There was a short period of time when Tareq Salahi was one of the most talked about people in the world. It wasn't necessarily for good reasons. However Salahi seemed to embrace the attention brought on from his visit to a White House State Dinner. A dinner, he and his then wife Michaela, were not invited to.
Salahi doesn't hide from his infamous rise to prominence, in fact he embraces the attention. During his short visit to the NBC12 studios several staffers lined up to get a picture with him. Not one of them was lining up to get a picture with a candidate for governor, but for a reality TV star.
Salahi is hoping to take that interest in him and parlay it into votes. A task he admits, won't be easy.

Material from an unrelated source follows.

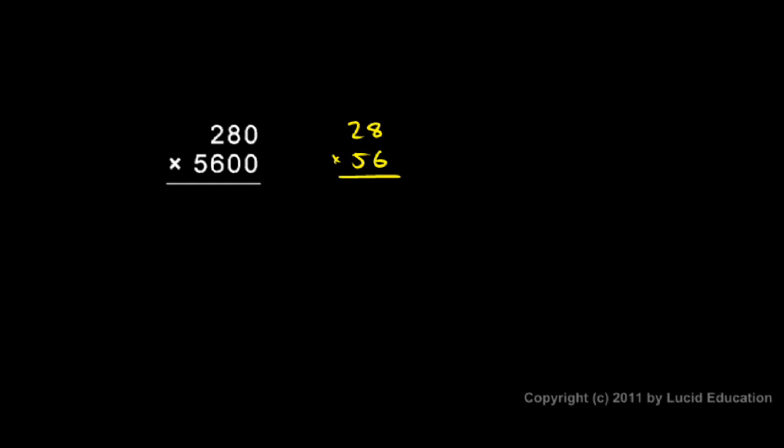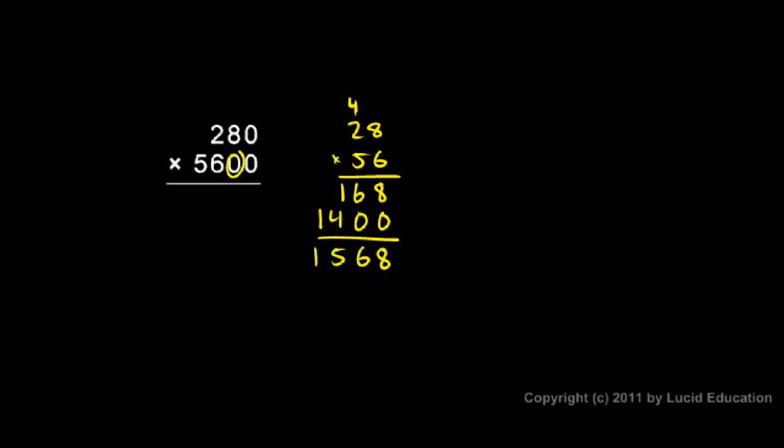Let's do 28 times 56. Six times eight is 48. Six times two is 12 plus the four is 16. Then I put in a zero. Five times eight is 40. Five times two is 10 plus the four is 14. And I add these up. I get an eight, a six, four plus one is five, and a one. Then I come back and take these three zeros and put them on the end. One million five hundred sixty-eight thousand is the answer.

Here is our report on his candidacy for NBC12:
RICHMOND (WWBT)- He may be the most well known candidate in the race for governor but his celebrity has nothing to do with politics. Tareq Salahi is better known as part of the infamous duo that crashed a White House state dinner, but he is serious about being Virginia's next governor.
That White House incident, he and his ex-wife's Michaele stint on the popular reality show "Real Housewives of DC" and then their very public, strange break-up, that included an 80's hair band, have made Salahi a celebrity.

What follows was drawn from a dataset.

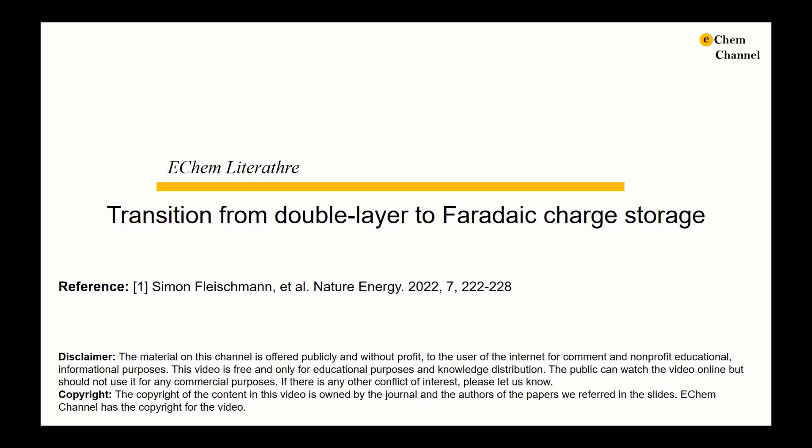Hello everyone, welcome to the Ecamm channel. This is Xuehang. In our previous tutorial videos, we have discussed the differences between electrical double-layer capacitor, pseudo-capacitor, and battery. Today, I will elaborate more on this topic by presenting a new perspective paper published by Dr. Fleisman and his colleagues in Nature Energy.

But despite not all of that notoriety being positive, Salahi believes it has actually helped his campaign.
"You can't sneak in to the most well guarded institution in the world," Salahi said of the White House incident, "It just doesn't make se sense."
Salahi contends that he did not thing wrong that night, and once his legal issues were behind him he decided capitalizing on it through reality TV was nothing more than good clean fun.
"Reality TV is what it is," he said. "It is really the modern day soap opera."
And being the star of that soap opera is something Salahi believes has given him a head start on connecting with Virginia voters.
"People were clearly fans of the show or from the White House incident," he said. "But they knew there was more."
That more is a businessman who has served on boards for several governors and worked to pass legislation to help small business. He calls himself a centrist. A Republican who wants to cut taxes and regulation, but is pro-choice on abortion and believes same sex marriage should be legal.
It is a mix he believes voters, some of whom he met Friday night a the Capitol tree lighting, will identify with.
"Knowing who the real Tareq Salahi is," he said. "Not the one on camera who sometimes has to be a little dramatic on a reality TV show."
An uphill battle perhaps, but one Salahi seems prepared to take on.